The Labor Department yesterday ordered a 90 per cent reduction in worker exposure to benzene, a chemical believed to cause leukemia. The department said its action was only the first installment in a new and more agressive effort to rid the workplace of health hazards.
"This is only the beginning," said Eula Bingham, assistant secretary for occupational safety and health, in announcing a temporary emergency standard to cut the permissible level of benzene breathed by more than 150,000 workers in 1,200 refining, rubber, printing and other industrial plants.
It was only the sixth time in the six-year history of the Occupational Safety and Health Administration that an order has been issued putting new standards into effect immediately pending hearings on a permanent regulation. Under normal procedures, new standards cannot take effect until after hearings and assorted other time - consuming steps.
Bingham cited what she called conclusive evidence that benzene, a petroleum derivative that is used in production of rubber, chemicals, detergents and motor fuels, causes leukemia in human beings.

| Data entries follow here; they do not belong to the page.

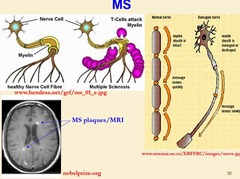 Question: what is the classification of multiple sclerosis (MS)?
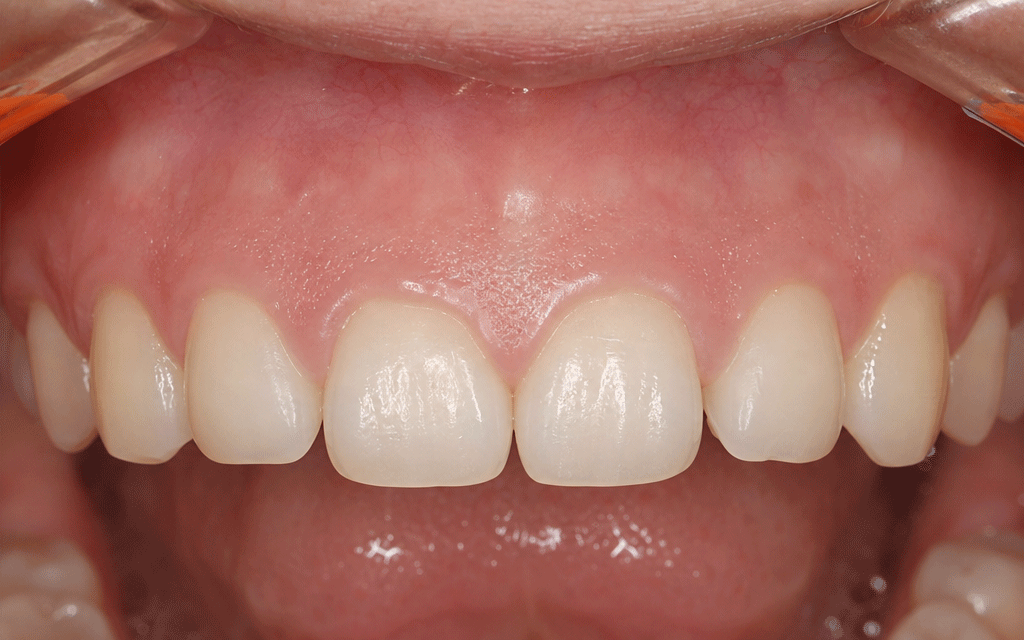 An oral photo showing short clinical crowns due to excessive gingival display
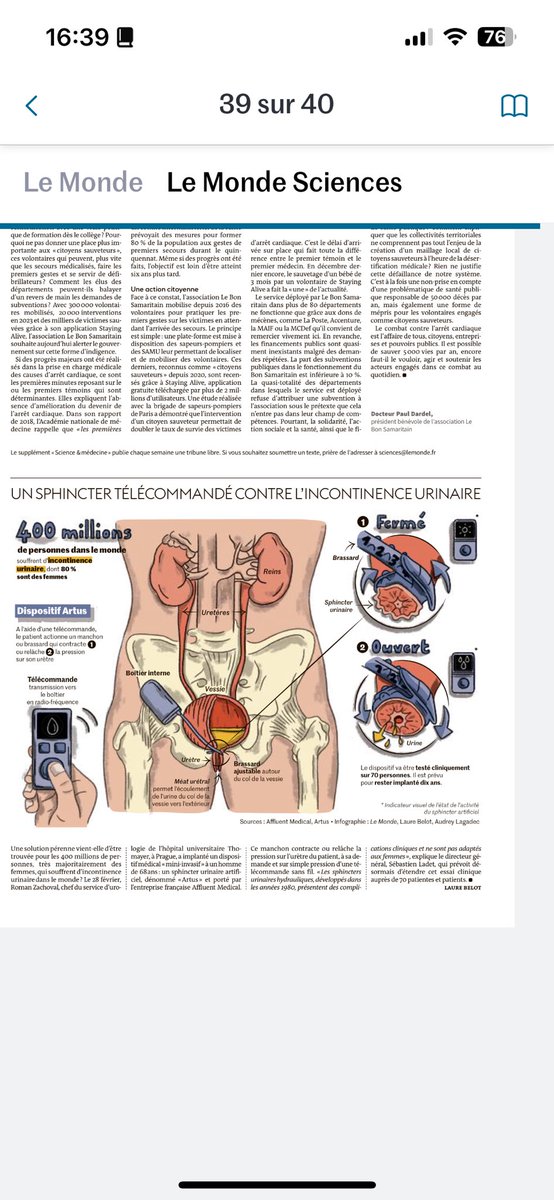 svklvo's tweet image. UN #SPHINCTER #TÉLÉCOMMANDÉ CONTRE L&apos;#INCONTINENCE_URINAIRE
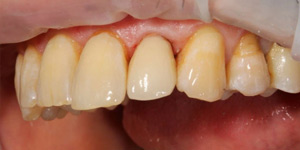 Несъёмное протезирование зубов 'после' в клинике Super Smile кейс 3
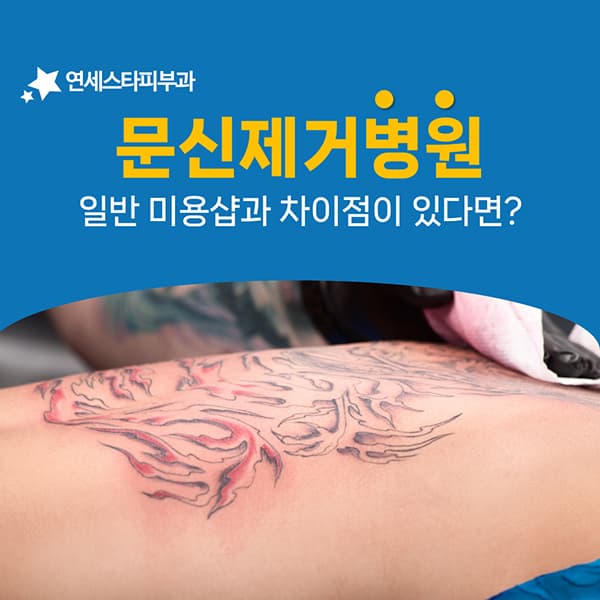 문신제거를 병원에서 받을 때 달라지는 대응의 폭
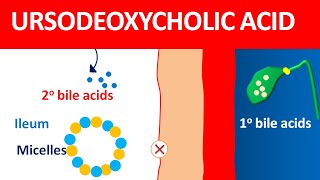 Ursodeoxycholic acid udca for biliary cirrhosis and gallstones [upl. by Monique938]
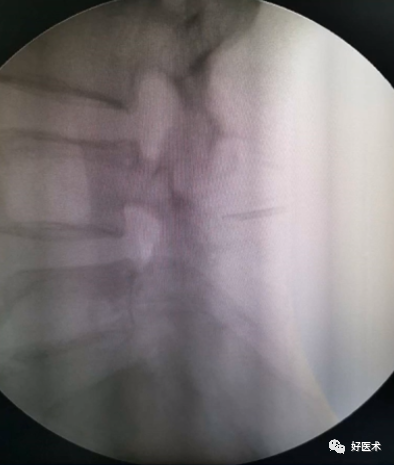 快准稳置入腰椎椎弓根螺钉，这些方法技巧你都掌握了吗？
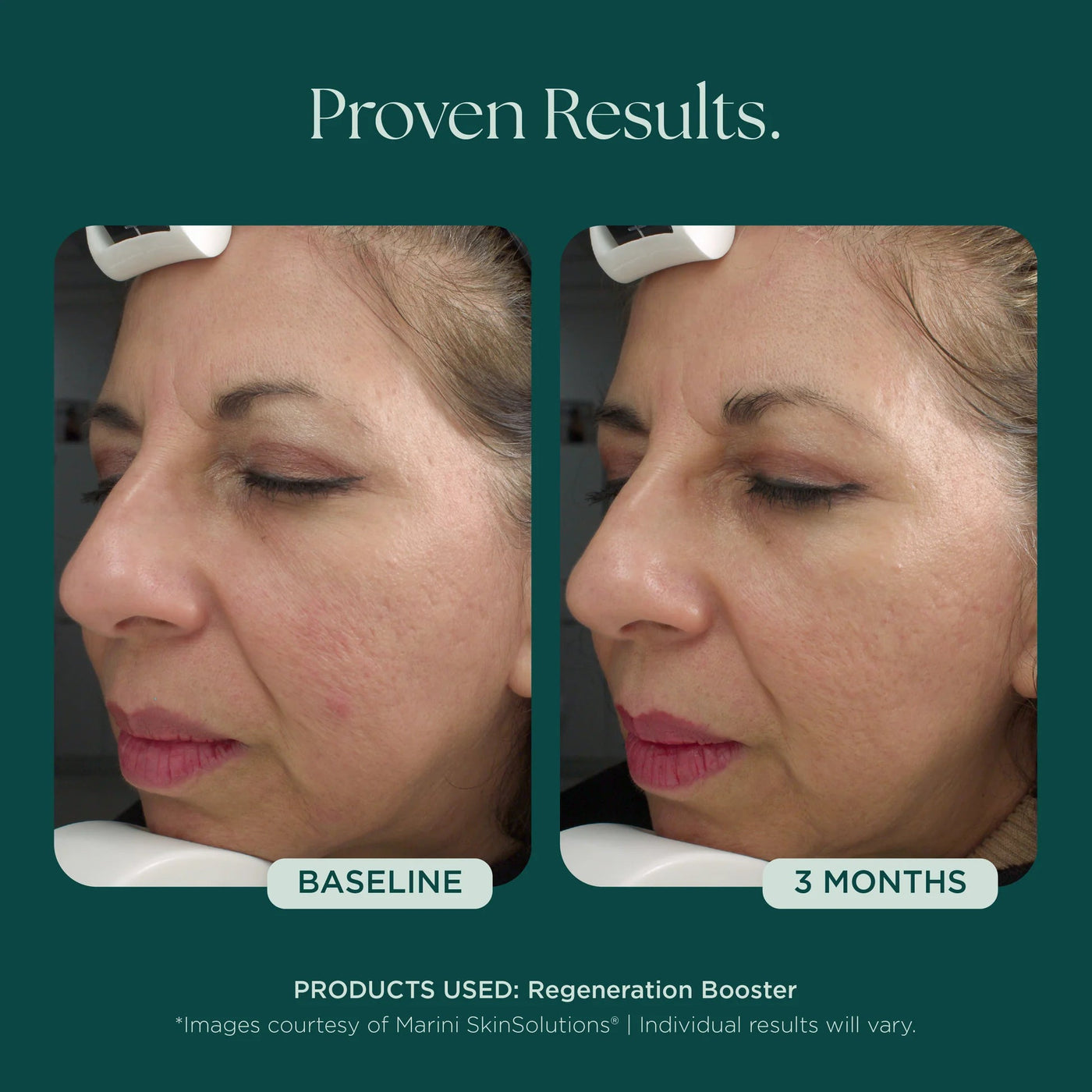 Marini Regeneration Booster - Premium  from Mysa Day Spa - Just $248! Shop now at Mysa Day Spa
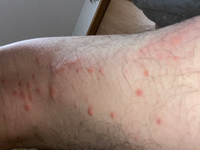 閲覧注意です 虫刺されでしょうか ムヒなどを塗っていますが一向に良 Yahoo 知恵袋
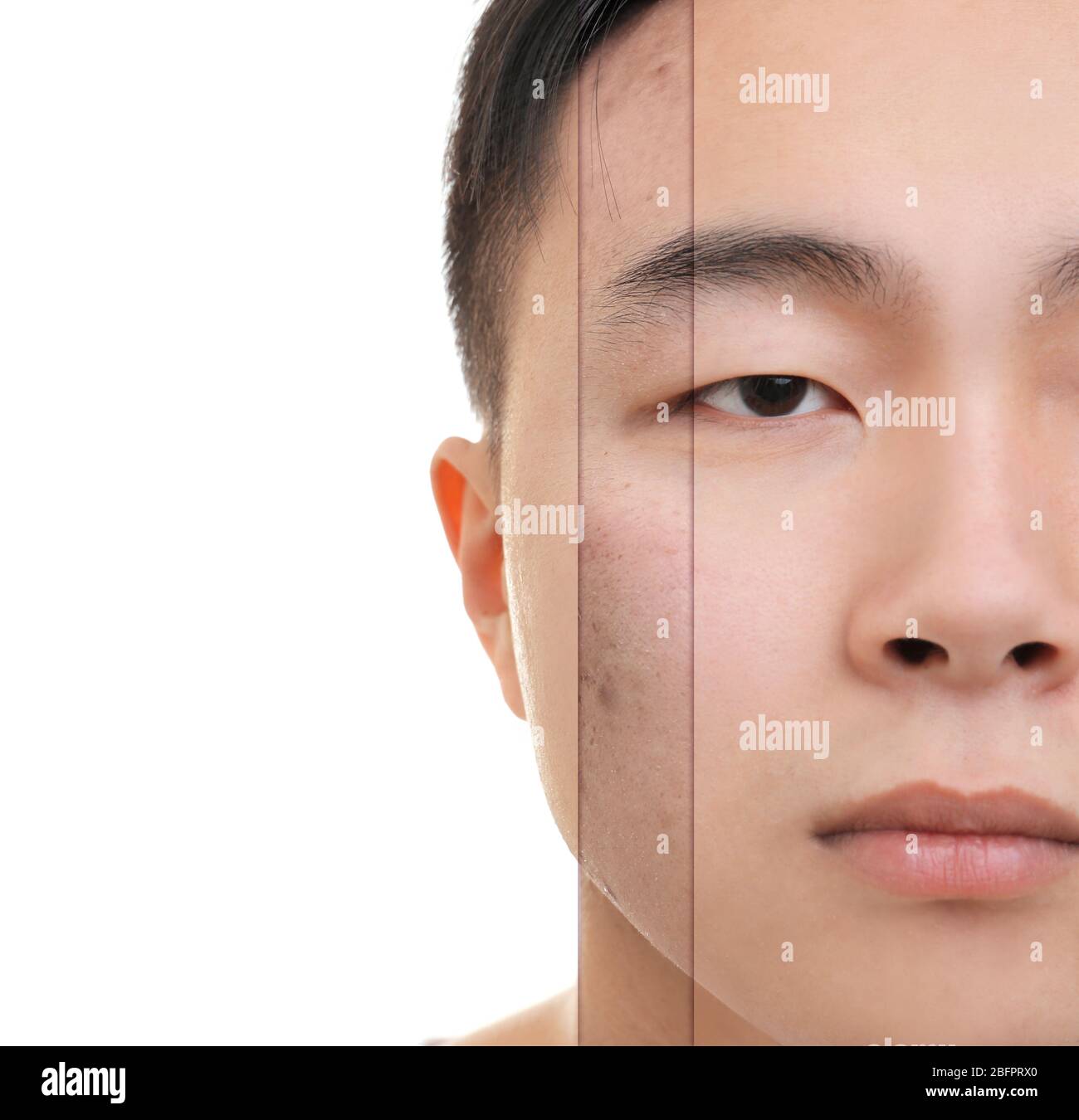 Young man before and after acne treatment on white background. Skin ...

She said a recent survey of exposed workers at two Ohio rubber plants by the National Institute for Occupational Safety and Health showed that the incidence of leukemia among benzene exposed workers was at least five times the normal rate.

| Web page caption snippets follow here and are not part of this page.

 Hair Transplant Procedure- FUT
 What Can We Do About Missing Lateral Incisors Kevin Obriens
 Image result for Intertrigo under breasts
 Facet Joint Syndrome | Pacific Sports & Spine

No further delay in curbing exposure to benzene could be tolerated, said Bingham, a chemist and environmental health expert who fought for stricter job health standards in private life before President Carter tapped her to head the government's controversial job health and safety program.
The benzene order will take effect May 21.
Rubber workers and others have been pushing for years for protections against benzene as a health hazard and possible carcinogen. An appeal for an emergency order against benzene from the United Rubber Workers and other unions was rejected last year by the Ford administration.
"I believe this signals a new day for an agency which in the past has been criticized for acting too slowly when lives are at stake," said Labor Secretary Ray Marshall, who joined Bingham at the press conference announcing the new benzene standard.
While labor unions generally praised the benzene order as long overdue, the AFL-CIO Industrial Union Department petitioned the U.S. Court of Appeals here for review on the OSHA's new standard, on grounds that its permissible level of benzene exposures is still too high.
Reaction from affected industries was spotty. Goodyear said many of its facilities already meet the new permissible level. Goodrich said it has always controlled exposure but three of its chemical operations may not be in compliance.
The American Petroleum Institute was "very concerned," especially about limitations on benzene's use in unleaded gasoline, said API's refining director, Raymond Wright. Chris Waisenen, labor law attorney for the U.S. Chamber of Commerce, said the need for some benzene curbs is generally recognized.
The emergency order reduces permissible wroker exposure to benzene from its present level of 10 parts per million parts of air to one part per million, based on an eight-hour average, and eliminates the peak level of 50 parts per million for any 15-minute period.
It also requires employers to measure worker exposure to benzene, provide workers with protective equipment and clothing, and institute medical surveillance, educational training and strict record-keeping programs.
OSHA officials estimated the costs of meeting the emergency standards at about $40 million for all the affected industries.